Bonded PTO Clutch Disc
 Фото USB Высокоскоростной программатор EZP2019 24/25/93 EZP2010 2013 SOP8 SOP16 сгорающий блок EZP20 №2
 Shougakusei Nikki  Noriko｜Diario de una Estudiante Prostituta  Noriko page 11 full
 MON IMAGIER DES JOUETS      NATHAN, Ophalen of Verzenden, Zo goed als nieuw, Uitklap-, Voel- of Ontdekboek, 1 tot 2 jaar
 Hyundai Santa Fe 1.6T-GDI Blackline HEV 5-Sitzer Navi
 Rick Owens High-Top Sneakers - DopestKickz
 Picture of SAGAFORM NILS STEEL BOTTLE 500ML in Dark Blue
◇ ◇ ◇ ◇ ◇
ABOUT THIS EXERCISE:
From the line containing "Hyundai Santa Fe" down to the end of the listing above, return each line exactly as it appears and nothing more.

SOLUTION FOR THIS TASK:
 Hyundai Santa Fe 1.6T-GDI Blackline HEV 5-Sitzer Navi
 Rick Owens High-Top Sneakers - DopestKickz
 Picture of SAGAFORM NILS STEEL BOTTLE 500ML in Dark Blue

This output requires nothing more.